Data provided:
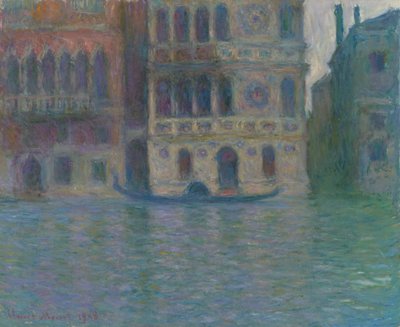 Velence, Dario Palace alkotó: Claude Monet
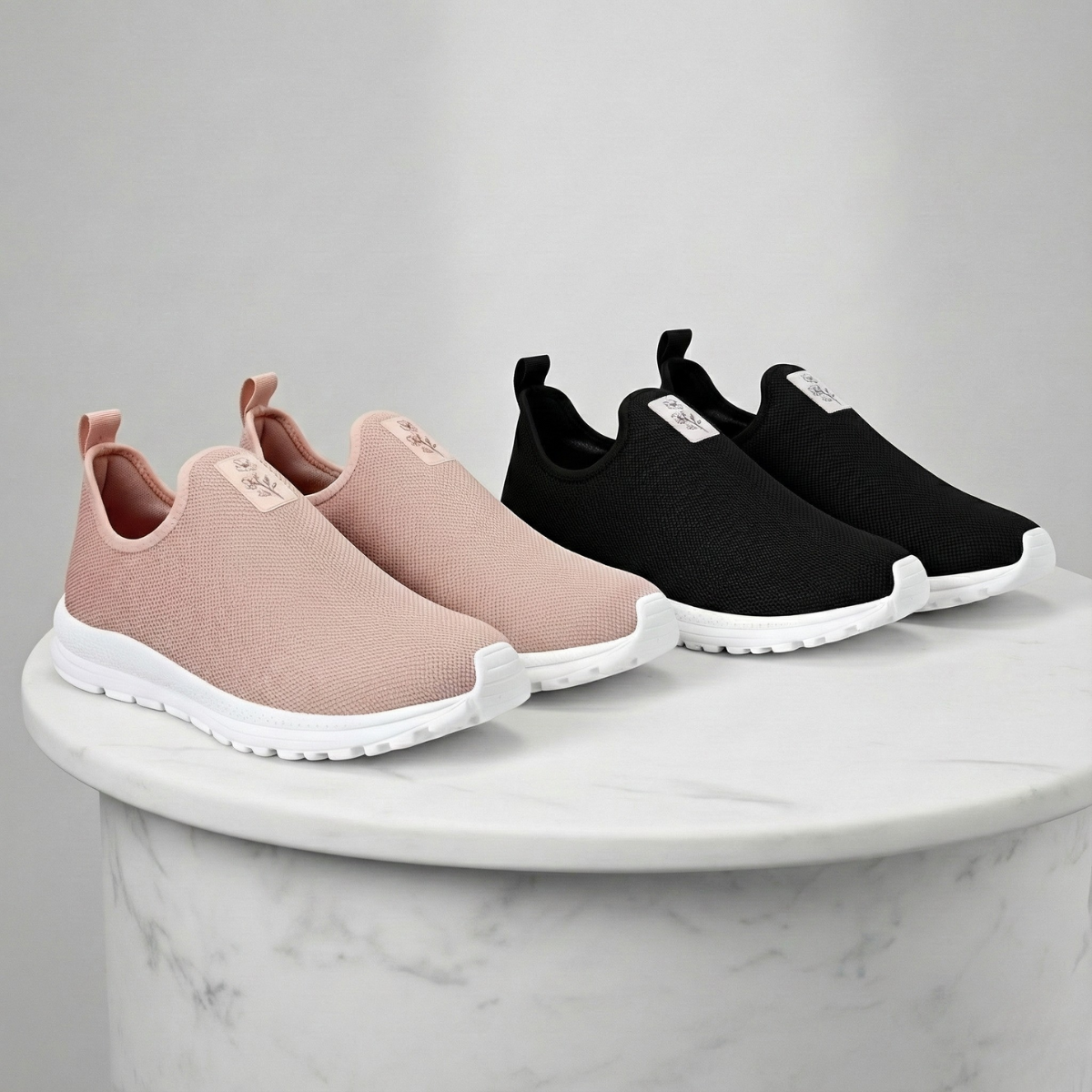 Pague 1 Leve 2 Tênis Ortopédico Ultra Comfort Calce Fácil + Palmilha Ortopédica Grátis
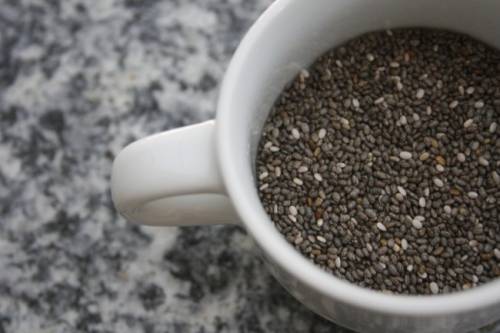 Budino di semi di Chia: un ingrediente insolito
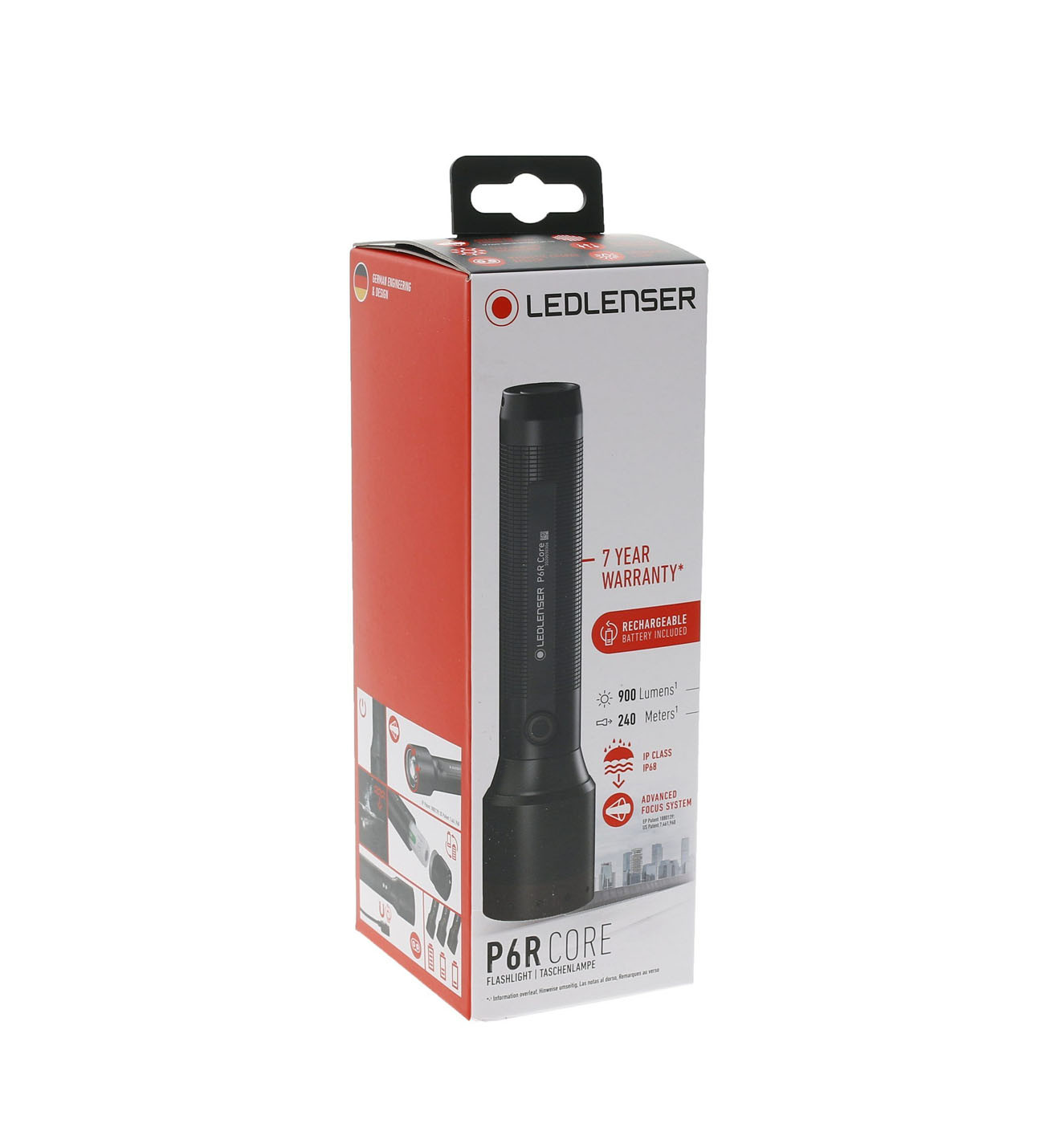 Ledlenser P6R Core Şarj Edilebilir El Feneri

What you have to do:
Exactly the lines from the line with "Pague 1 Leve" through the last line of the listing, both included, should be extracted, and the pictures left behind.

Expected answer:
 Pague 1 Leve 2 Tênis Ortopédico Ultra Comfort Calce Fácil + Palmilha Ortopédica Grátis
 Budino di semi di Chia: un ingrediente insolito
 Ledlenser P6R Core Şarj Edilebilir El Feneri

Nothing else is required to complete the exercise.